● EXTRACTED DATA:
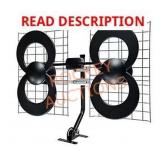 (Broken Parts) ClearStream 4 Outdoor Antenna UHF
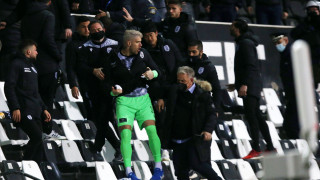 Μεγάλη ένταση με Πασχαλάκη, επεισόδιο με οπαδούς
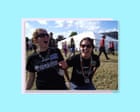 A job that changed me: I was a music festival artist liaison. At 22 with a walkie-talkie in hand, I’ve never felt more powerful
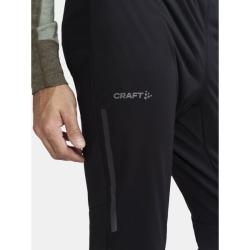 Craft CORE Nordic Training Wind Tights 1913677 pánské kalhoty - černá (999000)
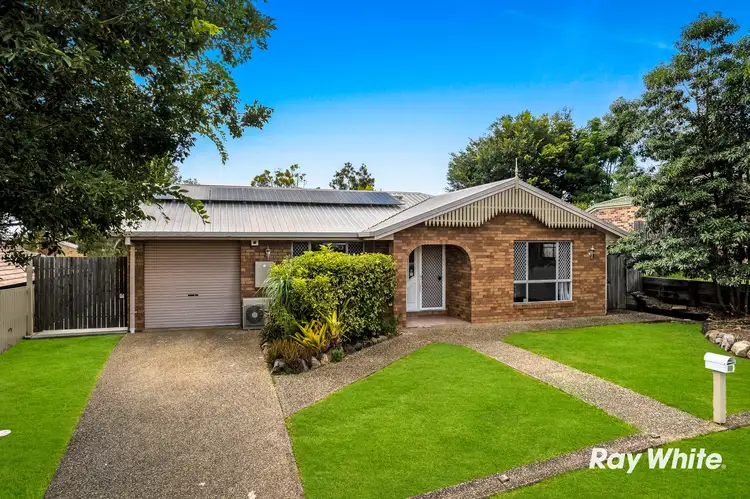Main view of Homely house listing, 56 Rumsey Drive, Raceview QLD 4305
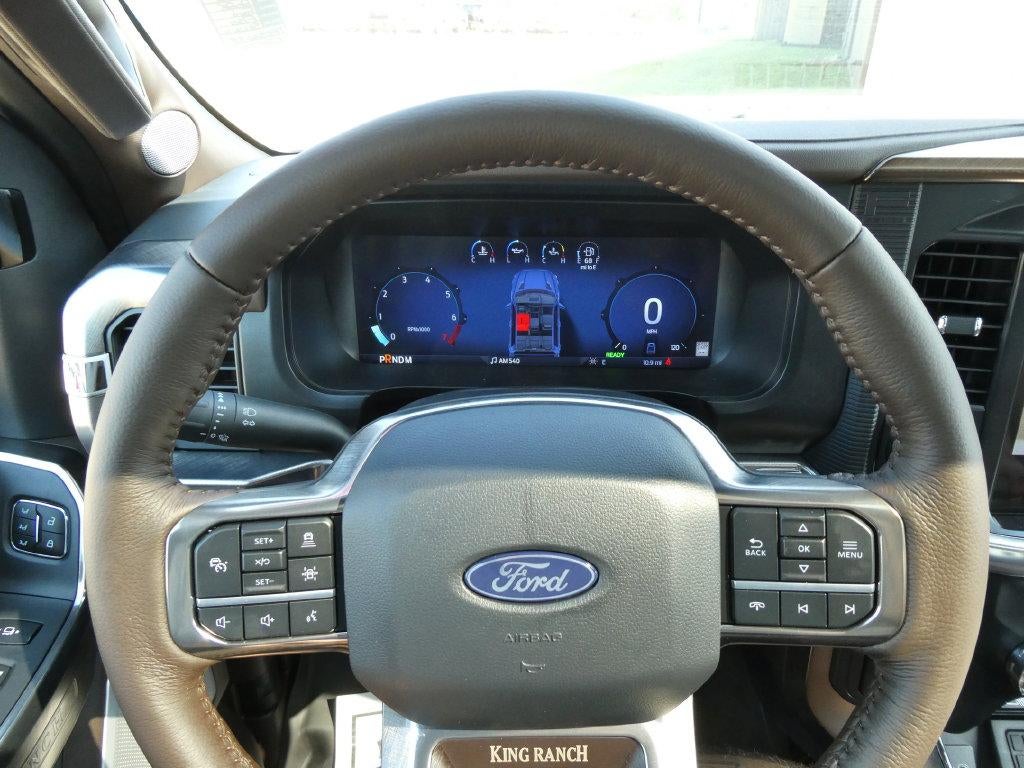 2026 Ford F-150 King Ranch 4WD SuperCrew 6.5' Box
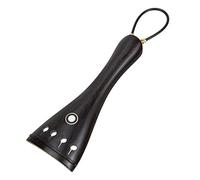 GOOHOCHY Accesorios Del Cordal Para Violín De Madera Incluye Puente y Cordal De Repuesto Para Reemplazo Instrumento Musical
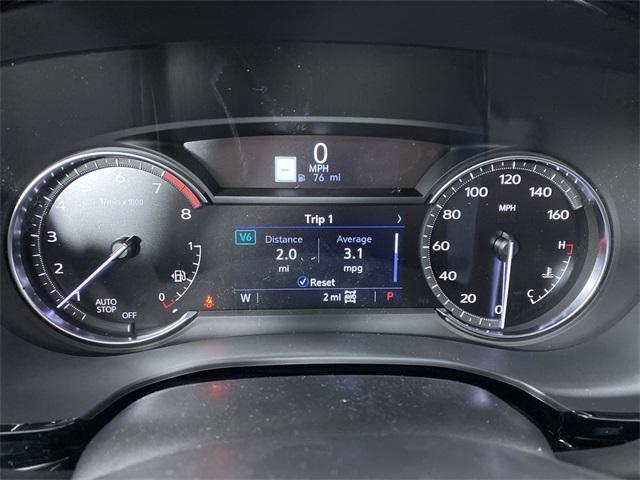 Thumbnail image of 2025 Cadillac XT6 at Jim Riehl's Friendly Honda
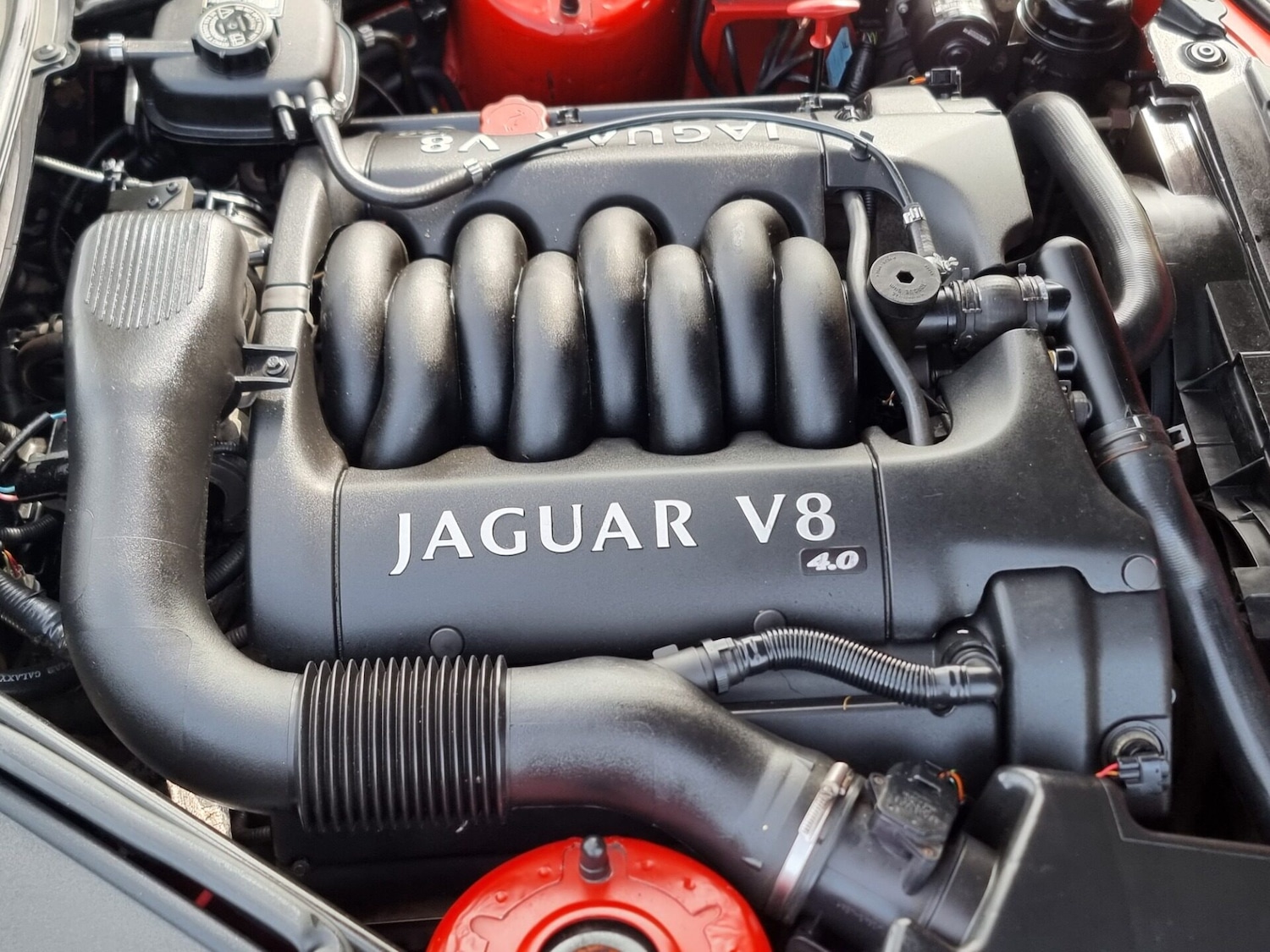 Used Jaguar XK8 2001 for sale - 77985016: Photo 28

● AIM OF THE TASK: Write out the listing again word for word, but without its pictures.

● EXERCISE RESULT:
 (Broken Parts) ClearStream 4 Outdoor Antenna UHF
 Μεγάλη ένταση με Πασχαλάκη, επεισόδιο με οπαδούς
 A job that changed me: I was a music festival artist liaison. At 22 with a walkie-talkie in hand, I’ve never felt more powerful
 Craft CORE Nordic Training Wind Tights 1913677 pánské kalhoty - černá (999000)
Main view of Homely house listing, 56 Rumsey Drive, Raceview QLD 4305
 2026 Ford F-150 King Ranch 4WD SuperCrew 6.5' Box
 GOOHOCHY Accesorios Del Cordal Para Violín De Madera Incluye Puente y Cordal De Repuesto Para Reemplazo Instrumento Musical
 Thumbnail image of 2025 Cadillac XT6 at Jim Riehl's Friendly Honda
 Used Jaguar XK8 2001 for sale - 77985016: Photo 28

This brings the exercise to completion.